Smart Context Assembly: Fewer Tokens, Better Quality
Today we're announcing Smart Context Assembly, an upgrade to how Zep's default Context Block is built: higher accuracy from fewer tokens, with no code changes.
Today we're announcing Smart Context Assembly, an upgrade to how Zep's default Context Block is built. It produces a smaller Context Block: fewer tokens, and more accurate answers. The same thread.get_user_context call you already make now returns the new Context Block automatically, with no SDK update required. It's available now to all Zep customers.
What Smart Context Assembly is
Smart Context Assembly is the new method that builds Zep's default Context Block. It retrieves across all six of Zep's context types: facts, entities, episodes, Observations, thread summaries, and the user summary.
The previous Context Block was built by running a separate search per context type with a fixed result limit per type, then combining the results into the block. That produced the same shape regardless of the query: a fixed number of facts, a fixed number of entities, and so on. Smart Context Assembly ranks candidates from the other five types simultaneously and fills the block up to a 2,500-character budget.
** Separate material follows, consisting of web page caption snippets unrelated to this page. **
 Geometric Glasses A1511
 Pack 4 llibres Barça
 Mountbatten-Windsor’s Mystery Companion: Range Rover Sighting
The block's shape adapts to each query.

Smart Context Assembly is powered by Auto Search, a new graph search mode we're also announcing today. Auto Search runs the cross-scope ranking and the character-budget packing. It's also exposed as a standalone feature through graph.search, so you can call it directly from your own code.
Why it matters
Smart Context Assembly produces a much smaller Context Block with comparable quality. On the LoCoMo benchmark, it reaches 86.5% accuracy on a median of 2,680 tokens, versus 94.7% on 5,760 tokens for the legacy Context Block — less than half the tokens, for comparable accuracy.
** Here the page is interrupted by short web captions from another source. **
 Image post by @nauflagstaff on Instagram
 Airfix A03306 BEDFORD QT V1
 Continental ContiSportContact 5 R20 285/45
In other runs, fewer tokens have even come with higher accuracy. On one LoCoMo run, a medium-sized legacy Context Block scored 80%, while a smaller Context Block from Smart Context Assembly scored 85%.
Fewer tokens means lower cost per call and more room in the context window for the rest of your agent’s prompt. The character budget also makes prompt sizes predictable across users and queries, so you can size context to your model and prompt budget without per-scope tuning.
How to use it
To use Smart Context Assembly, keep calling thread.get_user_context as you already do; it now returns the new Context Block automatically.
context = client.thread.get_user_context(thread_id="thread_abc123")
print(context.context)
To use Auto Search directly, call graph.search with scope="auto". The rendered Context Block comes back on results.context. Set max_characters to size it to your model's context window, and pass return_raw_results=True to also get the retrieved items as structured arrays.
results = client.graph.search(
user_id="user_abc",
query="What does Alice work on?",
scope="auto",
max_characters=4000,
)
print(results.context)
Getting started
To get started, see the Smart Context Assembly docs. Smart Context Assembly and Auto Search are both available to all Zep customers today.